The first step toward community in spite of difference is relativizing your own perception, your own way of seeing the world. You are not going to give it up or throw it away. You will just get it really clear in your mind that it is one of many possible ways of looking at the world, and not the absolute way. The second step is to realize that the people you see everyday—the people you go to bed with or have breakfast with—also see the world rather differently.

This has to be, you know. The whole point of the human institution of the family is a way of getting a group of people working together who are different from each other—male, female, old, and young—contributing different things to the household. Of course they have different values, of course they have different priorities and see things differently. The only circumstance under which one can assume that all family members see the world the same way is if you happen to be in a culture where there is one person who is allowed to say how the family will think. And you know who that one person is.

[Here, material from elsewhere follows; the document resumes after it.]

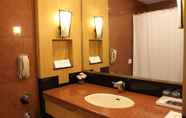 Phòng tắm bên trong 6 The Hans Hotel New Delhi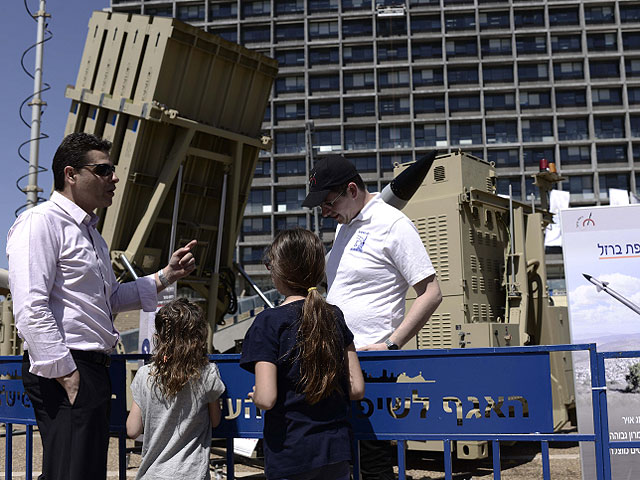 День науки в Израиле: перед муниципалитетом Тель-Авива установлен "Железный купол"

As soon as everybody gets a chance to express their views and be listened to, what you discover within a household is a lot of diversity and a lot of change going on,a pluralistic family. So I have been arguing for a long time that a necessary precondition to community building across lines of religious, ethnic, and racial difference, is to become generally aware of the difference we live with—the diversity of the people under the same roof at a given point and time. How on earth can we deal with people who are profoundly different in their ways of viewing the world unless we honor the most intimate kinds of diversity?

I started out today by inviting you to reflect on your own reactions, emotional and intellectual, to September 11th, as a way of learning about yourself and about changes in perception. You know, they say experience is the best teacher, but most of us are very bad students, because experience is only a good teacher if we reflect on it. So it is very important to combine a subjective and an objective reaction, to approach these events with an awareness of feelings of anger and outrage, but also to approach them with an urgent curiosity—how is it that these people see the world? What is it that they are thinking? What is it that is making them to behave this way?